The Picture, by Madison Cawein
Above her, pearl and rose the heavens lay:
Around her, flowers flattered earth with gold,
Or down the path in insolence held sway—
Like cavaliers who ride the king's highway—
Scarlet and buff, within a garden old.
Beyond the hills, faint-heard through belts of wood,
Bells, Sabbath-sweet, swooned from some far-off town:
Gamboge and gold, broad sunset colors strewed
The purple west as if, with God imbued,
Her mighty palette Nature there laid down.

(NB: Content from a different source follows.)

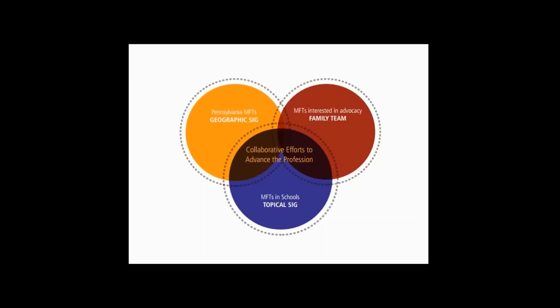Furthermore, geographic interest groups can help support the efforts or fund specific efforts that are important to their membership or strategic goals, such as license portability or MFTs in schools.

Amid such flowers, underneath such skies,
Embodying all life knows of sweet and fair,
She stood; love's dreams in girlhood's face and eyes,
Fair as a star that comes to emphasize
The mingled beauty of the earth and air.
Behind her, seen through vines and orchard trees,
Gray with its twinkling windows—like the face
Of calm old age that sits and dreams at ease—
Porched with old roses, haunts of honeybees,
The homestead loomed within a lilied space.
For whom she waited in the afterglow,
Star-eyed and golden 'mid the poppy and rose,
I do not know; I do not care to know,—
It is enough I keep her picture so,
Hung up, like poetry, in my life's dull prose.
A fragrant picture, where I still may find
Her face untouched of sorrow or regret,
Unspoiled of contact; ever young and kind;
The spiritual sweetheart of my soul and mind,
She had not been, perhaps, if we had met.